Moreover, there seem to be mandates in the Pashtunwali which require members of tribes to exact revenge for a wrongdoing. This kinship explains much of what is happening in the conflict in Afghanistan, and also explains why the Taliban are reluctant to evict Osama bin Laden, who has allegedly asked them to provide refuge from the US military.

Much of the Taliban propaganda is constructed upon the widely-perceived corruption of the Afghan government, and the lack of basic services for Afghans. The Taliban also uses the rural populations distrust for cities to promulgate their agenda. It is for this reason that support for the Taliban is comparably very high in rural areas and virtually nonexistent among urban Afghans. The progress of the Taliban insurgency is driven by the exploitation of the Pashtuns and the Pashtunwali. Understanding local traditions and the Pashtunwali will make it easier for foreign actors to become guests rather than enemies, and consequently, gain protection rather than hostility. 

Understanding customary laws and their relationship to Islam is also critical in understanding the conflict and Taliban propaganda. Pashtunwali’s relationship with Islam has been a complicated one. Although most Pashtuns are Sunni Muslims, the Pashtun’s tribal code is the ultimate authority (Kakar). Second in allegiance is Islamic law. For the Pashtuns there is no contradiction between being a Pashtun, practicing Pashtunwali, and being a Muslim and adhering to Islamic law. Religious scholars often see conflicts between Pashtun customs and Islamic law, but to the Pashtun majority, Pashtunwali is not seen as an entity independent from Islamic law. According to author Oliver Roy, even though the Islamic law and Pashtunwali overlap, they are seen as serving different purposes. “The Islamic law represents God’s Will for humanity on earth and is practiced because it is a moral code whereas Pashtunwali is seen as a matter of honor.”  

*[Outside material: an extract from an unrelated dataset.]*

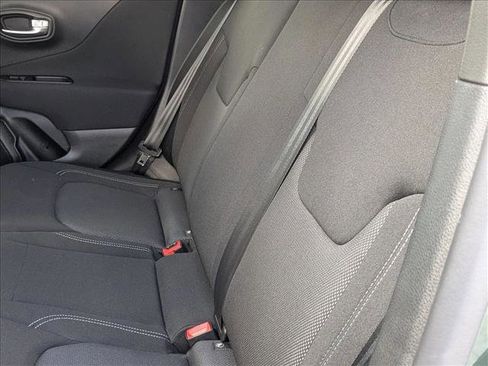 Used 2021 Jeep Renegade Sport image 17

Rural Pashtun villages often provide a haven for Taliban insurgents, which then allows them to strike at whim. Lieutenant Colonel Jonathan Hawkins from the Australian Army expresses that any type of insurgent requires ‘will’- the will to succeed versus the will to resist. Pashtunwali is the cultural cement that assists in maintaining Taliban motivation. “The insurgent does not need to win, he or she only needs not to lose.”